Every time I sat down to read it in my favorite chair, I smelled it first: dusty ink, that mineral acid and wood fragrance. And Jane would reappear, her sharp cuffs and imperious chin. I just don’t know if Jane Eyre would have been the same without the birchy, nutty heaviness of that excellent old library copy.
Everyone laughs at emojis. They are a frivolity, a collection of accents that soften and simplify our sentiments. I sometimes look at them and think: in a few years, this could be how we write. We have stopped teaching our kids cursive. We don’t even teach them to type. There is speculation that our children will voice command, tap and swipe their way through all their communication. Studies indicate that their brains won’t develop the same way, that writing with our hands and spelling things out expands the thoughts themselves, expands the brain’s ability to conceive.
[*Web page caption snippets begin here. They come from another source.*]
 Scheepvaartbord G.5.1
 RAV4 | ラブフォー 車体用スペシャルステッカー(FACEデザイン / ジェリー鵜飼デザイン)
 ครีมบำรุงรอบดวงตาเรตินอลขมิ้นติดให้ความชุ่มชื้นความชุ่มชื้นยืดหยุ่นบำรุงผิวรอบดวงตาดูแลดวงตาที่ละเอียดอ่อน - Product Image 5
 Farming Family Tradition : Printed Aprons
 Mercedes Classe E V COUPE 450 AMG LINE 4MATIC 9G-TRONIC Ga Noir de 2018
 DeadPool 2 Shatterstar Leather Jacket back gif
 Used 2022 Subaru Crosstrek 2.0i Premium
As someone who writes for a living, I wonder if I should just get Dragon and teach myself how to “write” with speech, just getting the jump on where the whole thing is obviously headed. And as someone who worked in bookstores for a good part of my life, I cannot help but mourn the fading industry that saw each individual book as a crafted thing, a signifier of civilization, a torch.
There is tremendous waste in traditional publishing that trumps sentimentality. More pragmatic minds have pointed out the insanity of cutting down a producer of oxygen in order to grind it down and make a book out of it, and they would be right. The sands of storytelling are shifting. Putting a story on paper seems almost indulgent now. Quixotic.
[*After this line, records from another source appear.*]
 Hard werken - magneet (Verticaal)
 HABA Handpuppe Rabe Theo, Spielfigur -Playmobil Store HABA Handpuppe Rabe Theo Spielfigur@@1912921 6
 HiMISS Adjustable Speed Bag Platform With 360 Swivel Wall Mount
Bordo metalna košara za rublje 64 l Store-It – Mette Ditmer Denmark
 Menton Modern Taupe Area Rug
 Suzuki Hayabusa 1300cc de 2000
Storytelling will always live as long as humans do; it’s how we make sense of the world and organize the chaos in a way that hopefully keeps us sane. But there is a sense too, that the medium is evaporating, becoming “paperless”. It is a story in and of itself, and not without its own little tragedy. I always sign my name with the tilde because I think of that gesture, the dancer, like language, in motion, already becoming something else.